TASK TO CARRY OUT - Every line below is to be given again precisely; images are to be left out.

GIVEN INFORMATION -
● ● ● ● ●
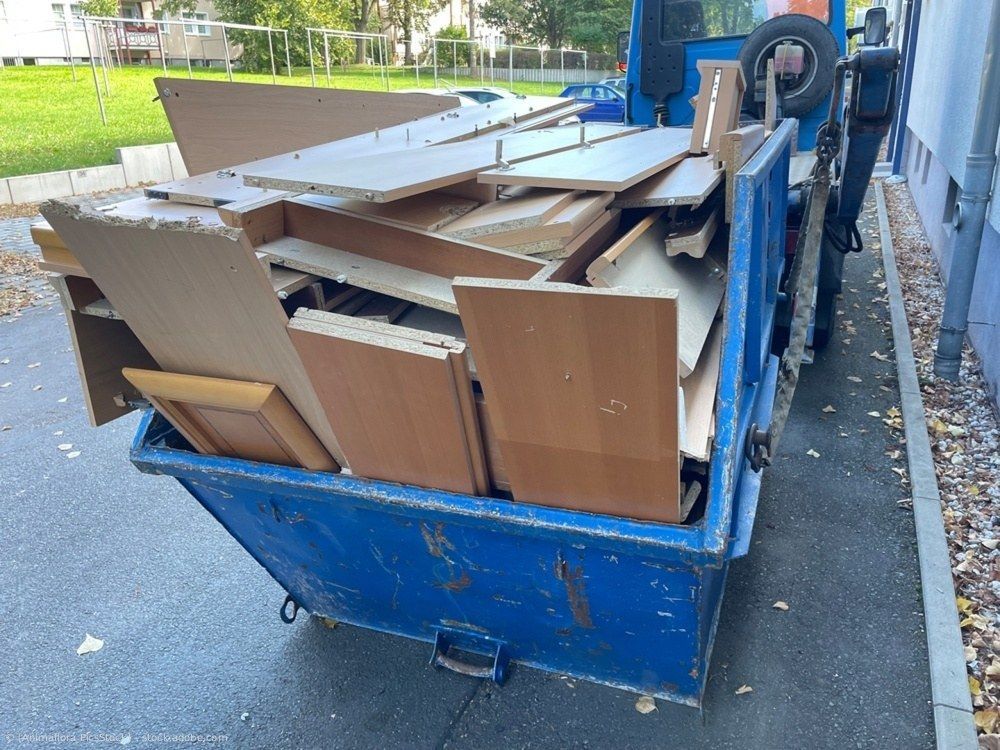 Ein blauer Müllcontainer voller Holz- und Pappbruch auf einer Straße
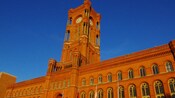 Berlin’s City Hall, an ornamental brick building with domed windows and a central clock tower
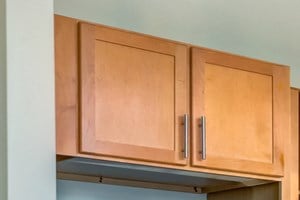 Granite Countertops, Light brown kitchen cabinets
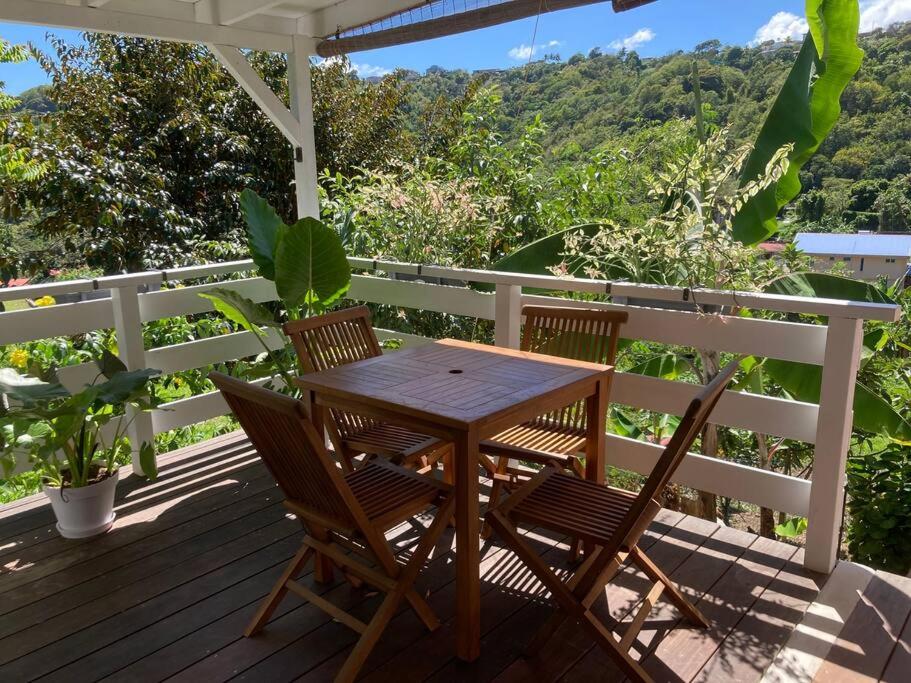 un tavolo in legno e 2 sedie su una terrazza di Studio Nature a la Montagne a Le Vauclin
● ● ● ● ●
RESPONSE TO THE EXERCISE -
 Ein blauer Müllcontainer voller Holz- und Pappbruch auf einer Straße
 Berlin’s City Hall, an ornamental brick building with domed windows and a central clock tower
 Granite Countertops, Light brown kitchen cabinets
 un tavolo in legno e 2 sedie su una terrazza di Studio Nature a la Montagne a Le Vauclin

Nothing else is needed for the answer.